- Born: October 11, 1935 New York City, U.S.
- Died: September 23, 2013 (aged 77) Tuxedo Park, New York, U.S.
- Resting place: St. Mary's-in-Tuxedo Episcopal Church Cemetery, Tuxedo Park, New York, U.S.
- Education: St. Mark's School
- Spouse: Senga Clark Mucci Davis
- Children: 2 (incl. Minnie)
- Relatives: Stanley G. Mortimer Jr. (brother) Richard Mortimer (grandfather) Henry Morgan Tilford (grandfather)

= John Jay Mortimer =

American financier (1935–2013)

John Jay Mortimer (October 11, 1935 – September 23, 2013) was an American financier and member of the prominent Mortimer family of New York.

==Early life==
He was one of six children born to Stanley Grafton Mortimer, Sr. (1890–1947) and Kathleen Hunt Tilford (1890–1970). His father was a stockbroker and U.S. amateur court tennis champion. His siblings included Stanley G. Mortimer Jr. (1913–1999), who was married to Babe Paley (1915-1978) and then Kathleen H. Harriman (1917-2011), the daughter of W. Averell Harriman, Henry Tilford Mortimer (1916-1993), Richard Mortimer, Eve Mortimer (1918-2007), who married Clarence Pell, Jr. and later Lewis Cass Ledyard III (1911-1990). His youngest sister, Katharine Mortimer (1923–2003), was married three times, including to Francis Xavier Shields, who became the grandfather of actress Brooke Shields.

He was a member of the prominent Standard Oil family, Mortimer is the maternal grandson of its president Henry Morgan Tilford.

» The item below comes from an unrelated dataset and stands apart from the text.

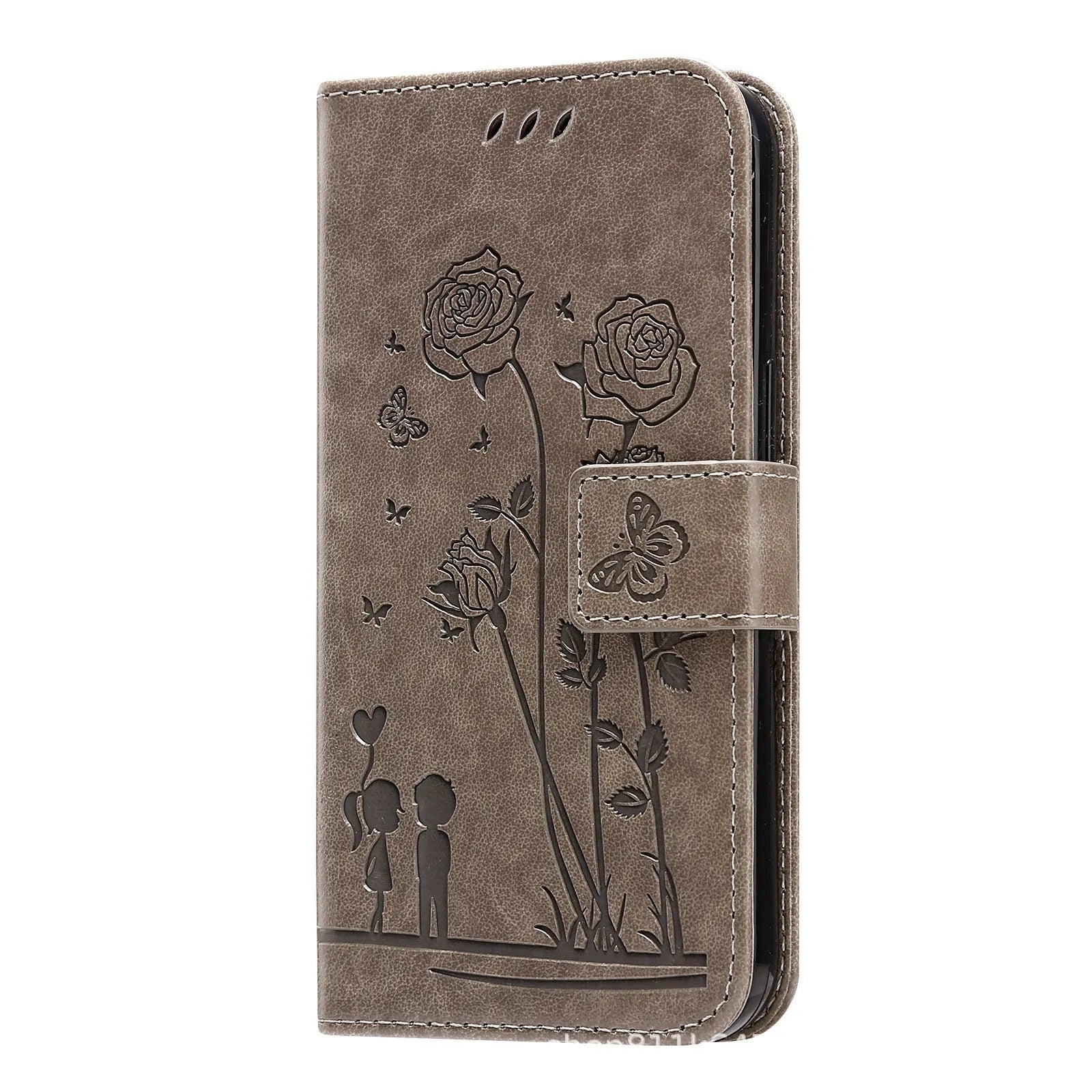Flip mobile phone protection leather cover for Samsung S22 in gray with PU TPU construction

His paternal grandfather was Richard Mortimer, a real estate investor and member of Ward McAllister's "Four Hundred", purported to be an index of New York's best families. Through his father and paternal grandmother, Eleanor Jay Chapman Mortimer, she was a descendant of the first chief justice of the U.S. Supreme Court, John Jay, as well as the first colonial Governor of New York, Robert Livingston

==Life==
Mortimer grew up at Keewaydin in Tuxedo Park. The family home was designed by Stanford White and once belonged to Pierre Lorillard III. His family, along with the Lorillards, were the founding families of Tuxedo Park. His grandmother, the widow of Henry Morgan Tilford, was known as "one of the reigning dowagers of Tuxedo Park" for four decades. According to author Sally Bedell Smith, "her annual debutante dinners before the Autumn Ball determined which young women were approved for New York society."

He attended Buckley School and was educated at St. Mark's School in Southborough, Massachusetts.

Mortimer was a financier in New York.

==Personal life==
Mortimer was married to Senga Clark (née Mucci) Mortimer, an editor at House Beautiful magazine. Senga, the daughter of Col. Henry Mucci (1909–1997), was previously married and had a son, Dwight F. "Peter" Davis IV, from that marriage to Dwight Davis III, a grandson of Dwight F. Davis, the U.S. Secretary of War. Together, they were the parents of:

- Robert Livingston "Topper" Mortimer (b. 1975), who married, and later divorced, Tinsley Randolph Mercer (b. 1975). In 2018 he married Tabitha Simmons.
- Marian Fountain "Minnie" Mortimer (b. 1980), who married Stephen Gaghan, an Oscar-winning filmmaker, in 2007.

Mortimer died in 2013. His funeral was held in Tuxedo Park, and speakers included his son and daughter, and Lewis Lapham, the editor.